**PROBLEM STATEMENT**: Images excepted, the data below must be repeated exactly.

**INFORMATION SUPPLIED**:

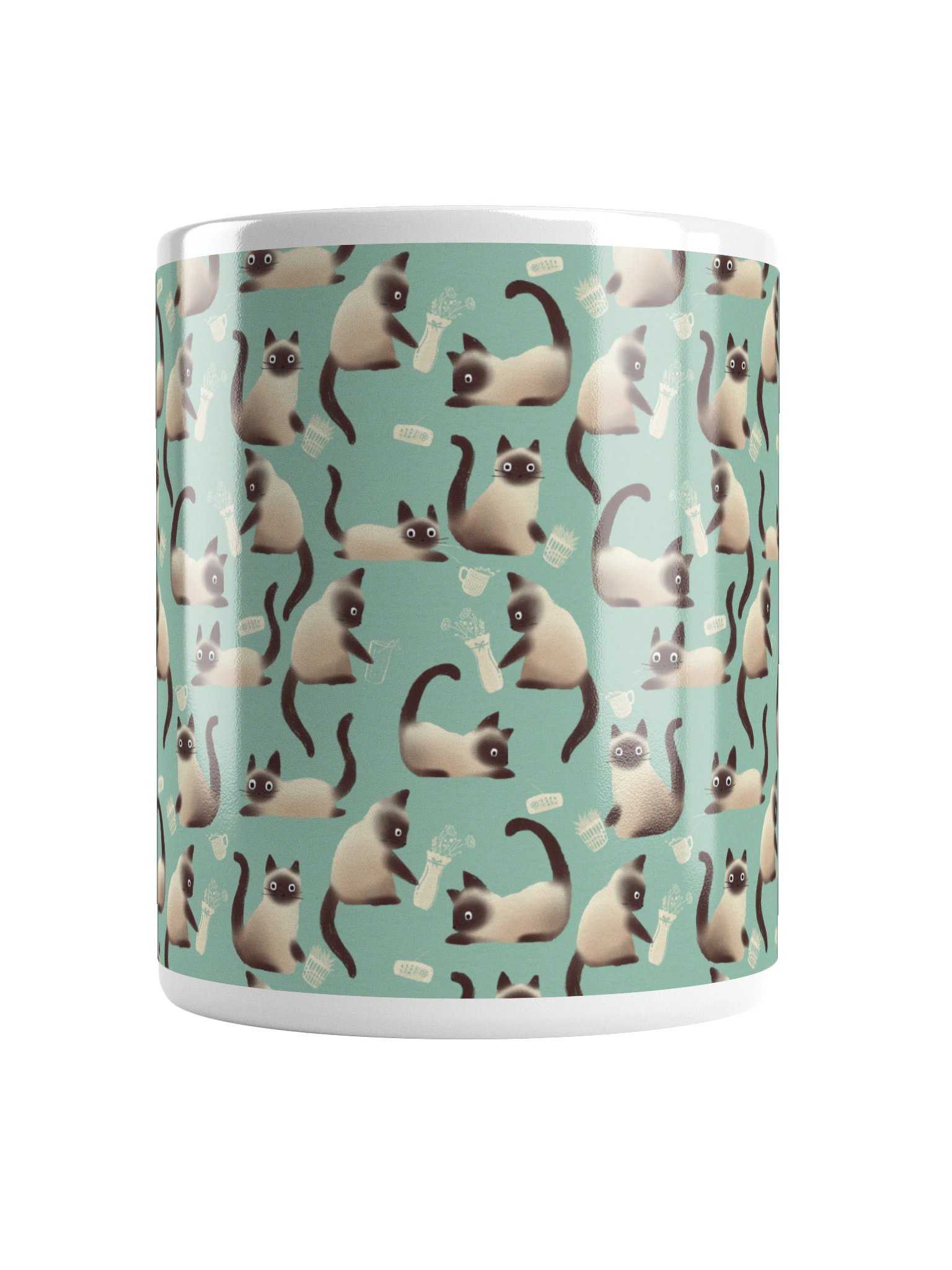 Bad Siamese Cats Knocking Stuff Over Coffee Mug, Mint product image (6)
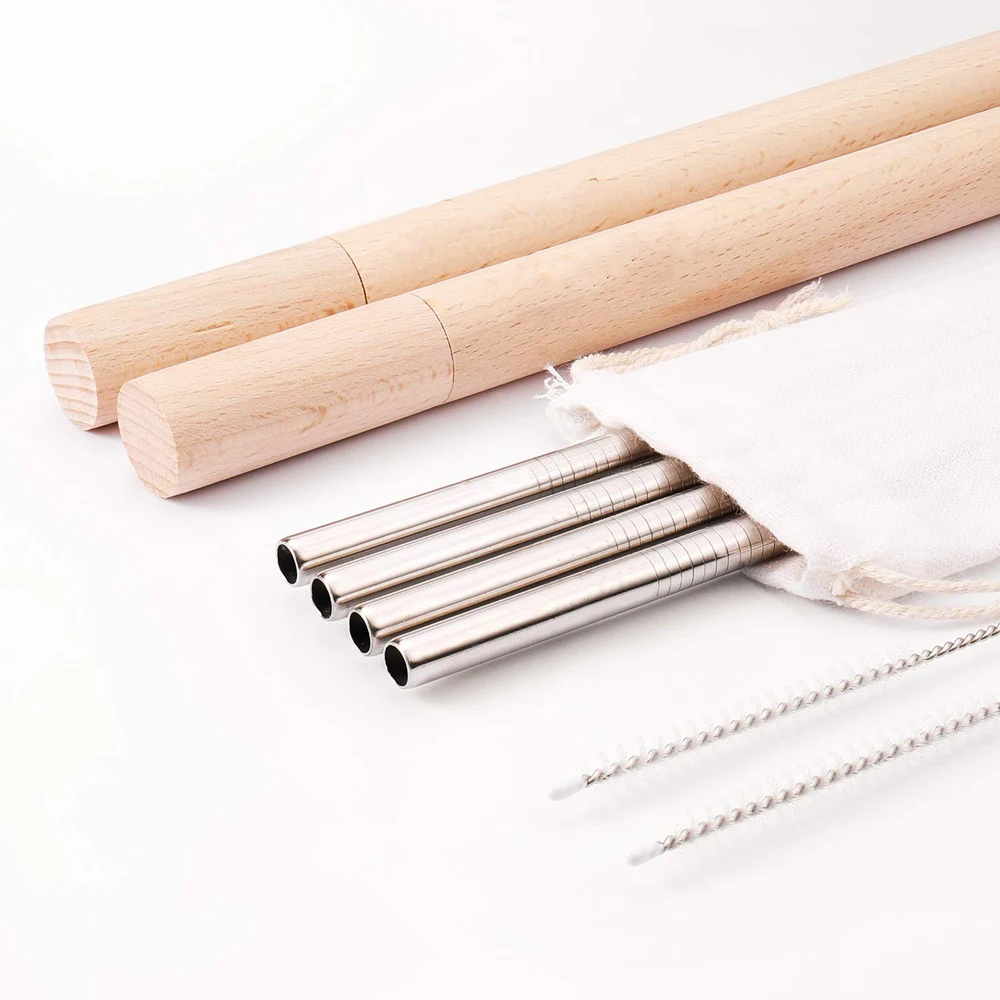 Набор многоразовых металлических трубок для напитков из нержавеющей стали с деревянными чехлами ручной работы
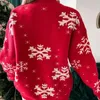 여자 스웨터 2023 겨울 따뜻한 소프트 여성 크리스마스 크리스마스 자카드 니트 풀오버 탑 풀 슬리브 캐주얼 한 느슨한 점퍼 크리스마스 니트웨어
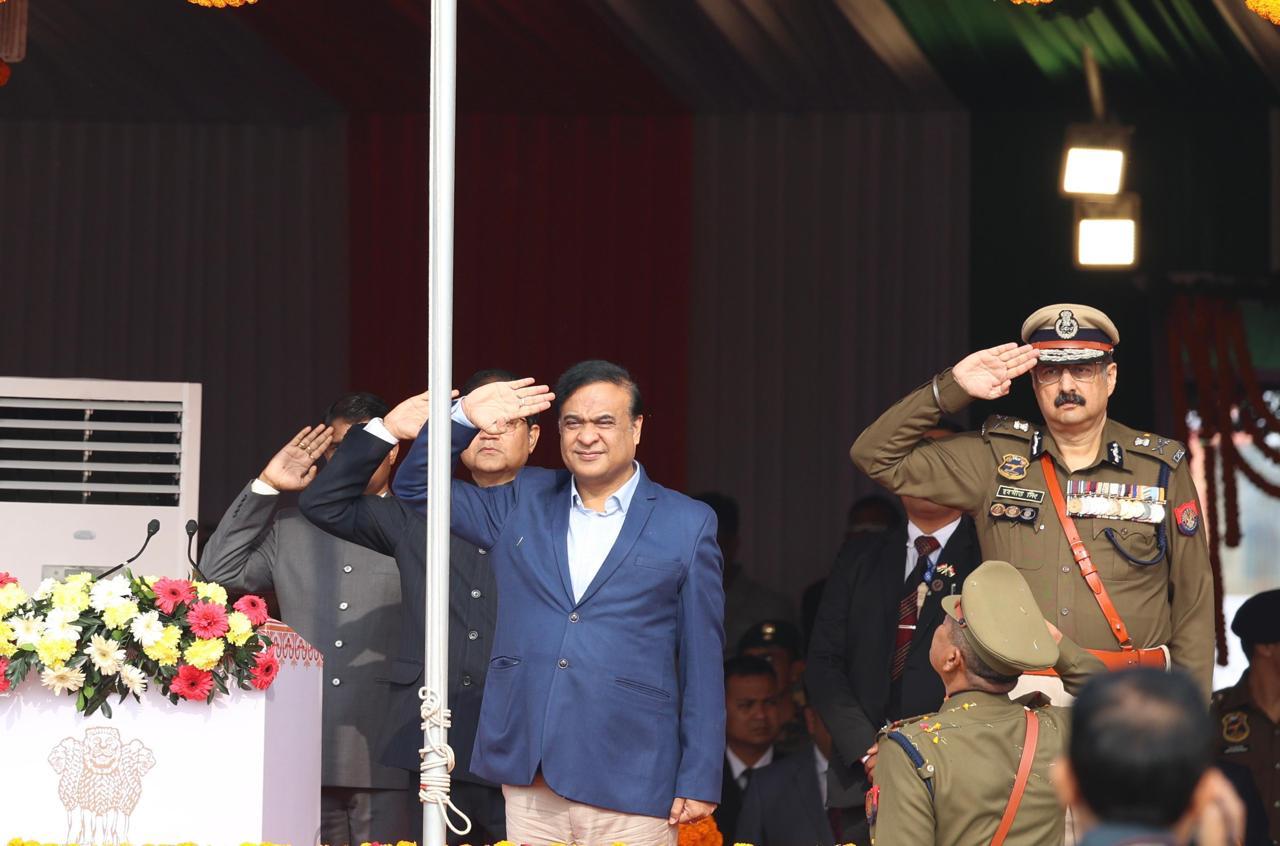 CM Himanta Biswa Sarma unfurl Republic Day flag in Dibrugarh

**EXPECTED ANSWER**:
 Bad Siamese Cats Knocking Stuff Over Coffee Mug, Mint product image (6)
 Набор многоразовых металлических трубок для напитков из нержавеющей стали с деревянными чехлами ручной работы
 여자 스웨터 2023 겨울 따뜻한 소프트 여성 크리스마스 크리스마스 자카드 니트 풀오버 탑 풀 슬리브 캐주얼 한 느슨한 점퍼 크리스마스 니트웨어
 CM Himanta Biswa Sarma unfurl Republic Day flag in Dibrugarh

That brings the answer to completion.